One thing you might look at is the vpn provider network adjacencies in different locations. Many/most NSPs handily include some sort of location identifier (like iata code) in their device names. From those adjacent devices you can probably infer city at least. PeeringDB and/or looking glass portals are another way to deduce network topology and connectivity, possibly narrowing it down to specific facilities.
Lastly your ICMP replies are inherently limited in what you see. Its very likely that there are underlying networks (ie MPLS, or GRE tunnels) that you cant see. Itd be very easy to have an interconnect in AMSIX and tunnel it over to belgium or germany. You wouldnt see that in DNS or ICMP replies, but could infer it through latency.

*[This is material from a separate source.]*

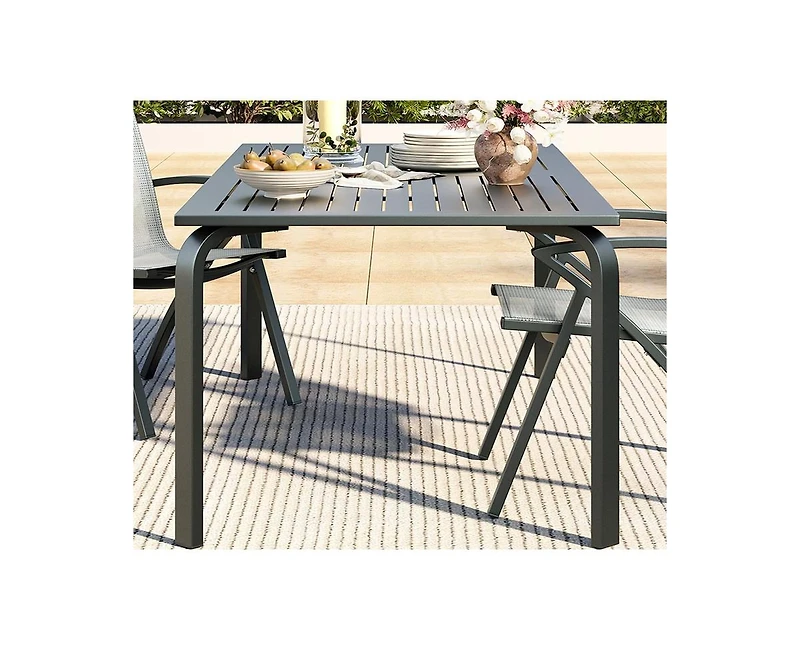 gaomon 6-8 Person Rectangular Aluminum Patio Dining Table with Umbrella Hole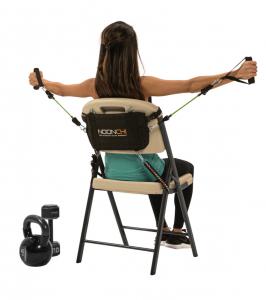 A proven workout system ups the ante on home or office furniture by turning any chair into a gym in seconds.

It seems so. I just used it because other have. But yes, technically they're PoPs.
Thanks for the clarification about clustering, and saying "delegated" vs "leased". Still, VPNs pay for address delegation, I would guess.
That's a good point about ICMP being unreliable. I'll need to check whether any of the ping services allow TCP or UDP. But yes, ICMP being slow just reduces the chance of finding superluminal signal velocity.
> Many/most NSPs handily include some sort of location identifier (like iata code) in their device names.
I'm not sure what that means. Where would I get that information?
> PeeringDB and/or looking glass portals are another way to deduce network topology and connectivity, possibly narrowing it down to specific facilities.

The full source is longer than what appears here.